[Start of section]

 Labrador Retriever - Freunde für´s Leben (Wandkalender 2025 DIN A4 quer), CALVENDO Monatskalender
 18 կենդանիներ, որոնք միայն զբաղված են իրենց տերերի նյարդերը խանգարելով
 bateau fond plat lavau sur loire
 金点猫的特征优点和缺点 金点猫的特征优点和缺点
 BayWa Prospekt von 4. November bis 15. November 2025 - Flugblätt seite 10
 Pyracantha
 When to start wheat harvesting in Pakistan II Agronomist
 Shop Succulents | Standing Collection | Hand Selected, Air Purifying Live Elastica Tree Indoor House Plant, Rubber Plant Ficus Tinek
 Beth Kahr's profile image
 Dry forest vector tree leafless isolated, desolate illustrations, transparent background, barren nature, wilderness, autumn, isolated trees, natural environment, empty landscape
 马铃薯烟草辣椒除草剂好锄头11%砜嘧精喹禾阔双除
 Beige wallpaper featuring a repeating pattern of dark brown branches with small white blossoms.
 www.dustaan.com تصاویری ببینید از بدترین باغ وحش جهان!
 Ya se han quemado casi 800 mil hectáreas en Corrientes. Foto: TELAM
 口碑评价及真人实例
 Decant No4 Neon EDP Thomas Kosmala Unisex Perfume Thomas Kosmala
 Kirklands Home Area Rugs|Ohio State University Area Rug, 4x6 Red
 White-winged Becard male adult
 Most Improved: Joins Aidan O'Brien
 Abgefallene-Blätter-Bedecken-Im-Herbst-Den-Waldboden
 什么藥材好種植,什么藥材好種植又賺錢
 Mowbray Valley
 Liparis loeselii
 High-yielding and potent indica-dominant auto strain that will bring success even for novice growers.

[End of section]

- [PROBLEM TO WORK ON] Among the lines above, find the one with "www.dustaan.com تصاویری ببینید" and the one with "White-winged Becard male adult". Quote both and everything between them, exactly.

- [FINISHED TASK]
 www.dustaan.com تصاویری ببینید از بدترین باغ وحش جهان!
 Ya se han quemado casi 800 mil hectáreas en Corrientes. Foto: TELAM
 口碑评价及真人实例
 Decant No4 Neon EDP Thomas Kosmala Unisex Perfume Thomas Kosmala
 Kirklands Home Area Rugs|Ohio State University Area Rug, 4x6 Red
 White-winged Becard male adult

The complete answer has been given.